For the Love of Meditation and Mindfulness

I have so enjoyed writing my latest “For the Love of” series, where I share my long-term fitness passions of yoga, weight training, and spinning; I have decided to continue my journey of odes to other areas that make up my Bend Burn Breathe well-being universe (you can see that vision laid on on my home page). The “bend” of Bend Burn Breathe is all about the flexibility and plasticity of the mind, from having a growth mindset and being resilient to learning how to harness the power of focus of calm through meditation and mindfulness. Today’s post is about my journey into meditation and mindfulness and how you can harness its great benefits.
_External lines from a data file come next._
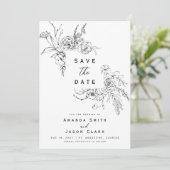 Winter Zwart-wit Save The Date Wedding Kaart (Staand voorkant)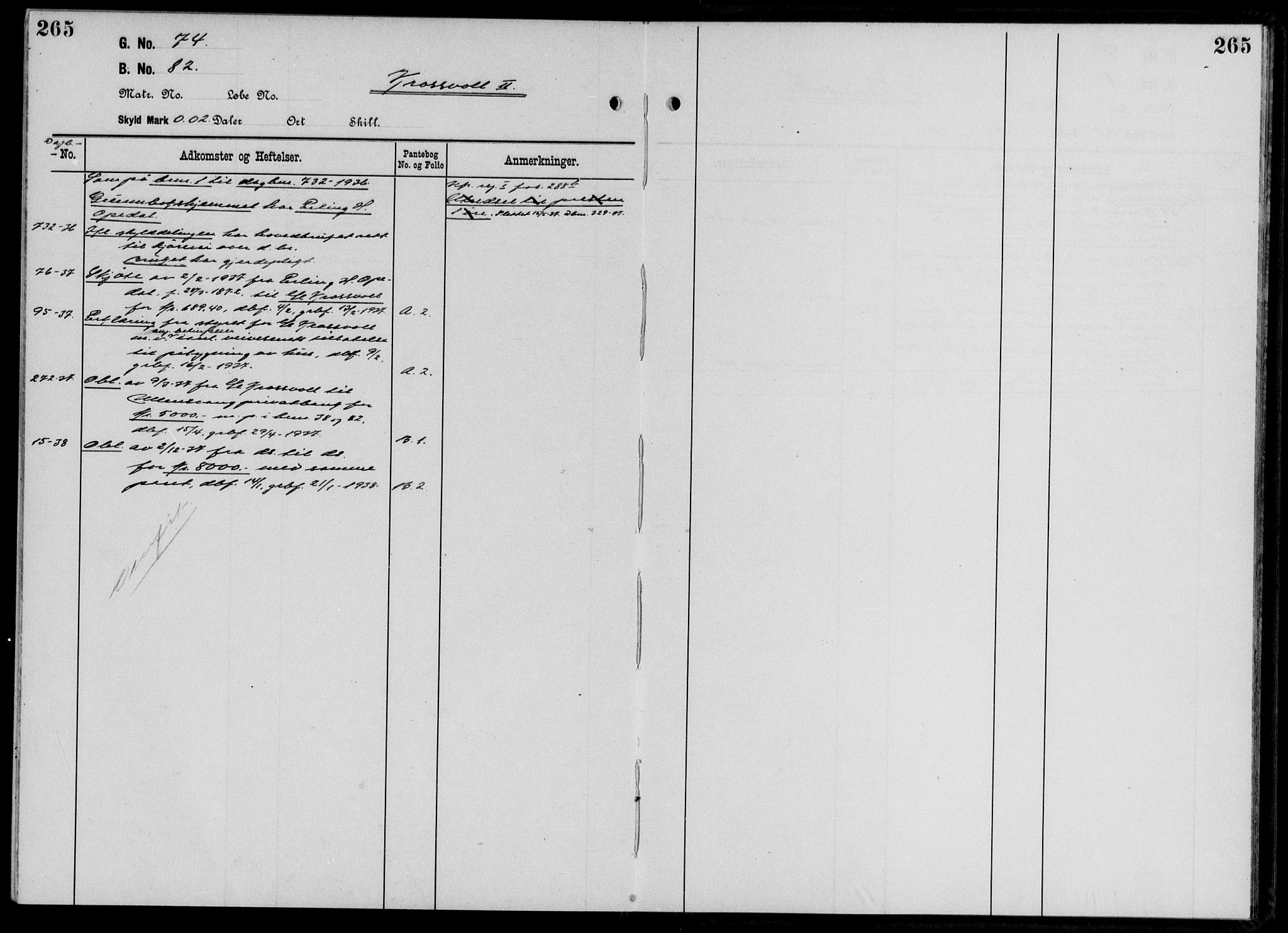 Hardanger og Voss sorenskriveri, SAB/A-2501/2/2A/2Aa/L0009: Mortgage register no. II.A.a.9, 1800-1940, p. 265
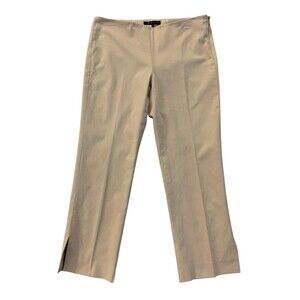 Theory Women's size 6 Tan Cropped Straight Leg Pants Side Zip No Waistband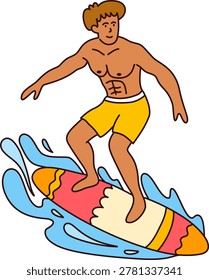 Athletic man surfing on wave with colorful surfboard board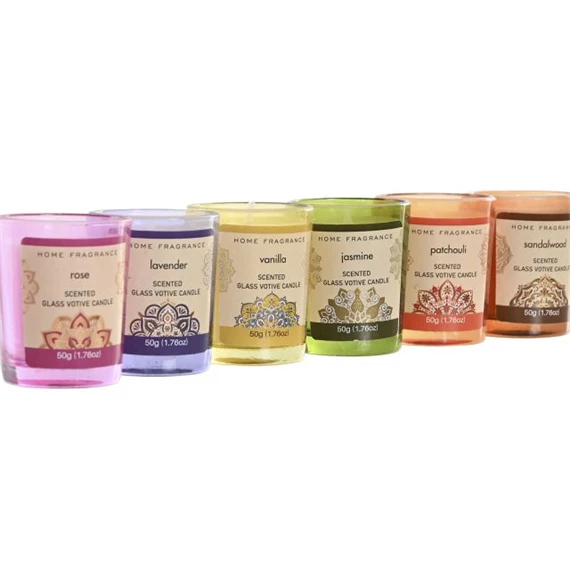 Gyertya szett Mandalás 5x5x6 cm 2 féle S/3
One spring evening in 2004, my fiance suddenly called it quits and moved out soon after. He asked for the living room futon as part of the separation, and I hastily agreed. Very distraught, I pulled a long-ignored chakra meditation book off the shelf, sat cross-legged on my couchless living room floor, shut my eyes, and followed the book’s instructions. I sat and meditated for days and days, twirling my seven chakras one by one through tears and heartbreak until they could twirl no more. This experience marked my first independent effort into meditation. And it helped.

Until then, any exposure primarily came from the yoga classes I had been taking more of since the 1990s. So until I pulled that book off the shelf, I had yet to consider making a dedicated time to practice. I then skirted and danced around meditation for years because, like many other people, I had difficulty keeping a regular practice. It also wasn’t as accessible, and you had to do it the old-fashioned way – sit in silence. Smartphones and YouTube were in their infancy, and the first meditation app wouldn’t debut until 2011!

I finally became more immersed in meditation through mindfulness when I started my corporate well-being career. For those who are curious about the difference between meditation and mindfulness, the latter is the non-religious form of meditation that was popularized in the West in the 1970s and began to take hold in the 2010s in more and more corporate settings (here is a terrific article on the history of mindfulness). This was the case at dressbarn, my first workplace well-being job, with a forward-thinking corporate culture. Not only did we offer mindfulness workshops to employees, but I also began to co-lead them. While the ideal may be to practice every day for 20 minutes, I learned that any amount of time quieting the mind is beneficial. Mindfulness now became much more accessible. I have been teaching mindfulness wherever I have worked since, run global mindfulness programs, and sought additional training.

One of the things that initially hooked me to meditation was that if I sat long enough, my body would completely relax and shift into what felt like another dimension of serenity. I encourage you to try longer meditations after you have attempted shorter lengths to experience this delicious feeling. Another great benefit of meditation is that I am better at working through difficult emotions when I commit to sitting regularly for practice. As I navigate this layoff, I have found it challenging to focus and get grounded. This week, I have promised to practice more and better utilize meditation as one of the tools in my resiliency toolbox.

If meditation and mindfulness seem intimidating, trying it’s easier than ever. Countless apps on the market, like Insight Timer, Headspace, and Calm, offer easy-to-follow guided meditations on various topics and lengths. However, you can try it right now in just 30 seconds:

Sit comfortably with a tall spine with your feet on the floor. Rest your hands on your lap and relax your shoulders. Gently close your eyes. Inhale slowly through your nose for three counts, and then exhale through the nose for three counts. Then return to your natural breath, sitting quietly for a moment with your closed eyes. Gently open your eyes and take note of how you feel.

You don’t need to experience something as dramatic as a break-up to start meditating. Instead, decide on a good time to carve out just a few minutes of quiet, uninterrupted time for yourself a few days a week. Find a guided meditation you like and reap the benefits of dedicated “you” time.